[Source material Boundary: Start]
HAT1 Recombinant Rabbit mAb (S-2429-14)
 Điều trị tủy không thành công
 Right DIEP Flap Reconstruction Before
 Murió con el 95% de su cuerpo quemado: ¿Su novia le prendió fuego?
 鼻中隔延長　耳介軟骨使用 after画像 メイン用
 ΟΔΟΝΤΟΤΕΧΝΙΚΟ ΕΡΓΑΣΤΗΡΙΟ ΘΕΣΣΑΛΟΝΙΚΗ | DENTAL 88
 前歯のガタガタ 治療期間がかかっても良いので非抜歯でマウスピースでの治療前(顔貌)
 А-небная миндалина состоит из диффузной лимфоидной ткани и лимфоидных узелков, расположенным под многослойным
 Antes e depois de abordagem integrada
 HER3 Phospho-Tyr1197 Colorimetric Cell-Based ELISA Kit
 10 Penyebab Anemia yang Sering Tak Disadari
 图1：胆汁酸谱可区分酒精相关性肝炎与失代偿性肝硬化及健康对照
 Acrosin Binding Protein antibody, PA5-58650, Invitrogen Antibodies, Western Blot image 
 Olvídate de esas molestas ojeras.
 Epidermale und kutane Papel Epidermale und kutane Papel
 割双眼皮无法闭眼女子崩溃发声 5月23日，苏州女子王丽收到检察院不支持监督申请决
[Source material Boundary: End]
To do >> Using the entries above, extract exactly the span from the line with "Murió con el" to the line with "Acrosin Binding Protein", both lines included; leave out everything else.

Solution below >>
 Murió con el 95% de su cuerpo quemado: ¿Su novia le prendió fuego?
 鼻中隔延長　耳介軟骨使用 after画像 メイン用
 ΟΔΟΝΤΟΤΕΧΝΙΚΟ ΕΡΓΑΣΤΗΡΙΟ ΘΕΣΣΑΛΟΝΙΚΗ | DENTAL 88
 前歯のガタガタ 治療期間がかかっても良いので非抜歯でマウスピースでの治療前(顔貌)
 А-небная миндалина состоит из диффузной лимфоидной ткани и лимфоидных узелков, расположенным под многослойным
 Antes e depois de abordagem integrada
 HER3 Phospho-Tyr1197 Colorimetric Cell-Based ELISA Kit
 10 Penyebab Anemia yang Sering Tak Disadari
 图1：胆汁酸谱可区分酒精相关性肝炎与失代偿性肝硬化及健康对照
 Acrosin Binding Protein antibody, PA5-58650, Invitrogen Antibodies, Western Blot image 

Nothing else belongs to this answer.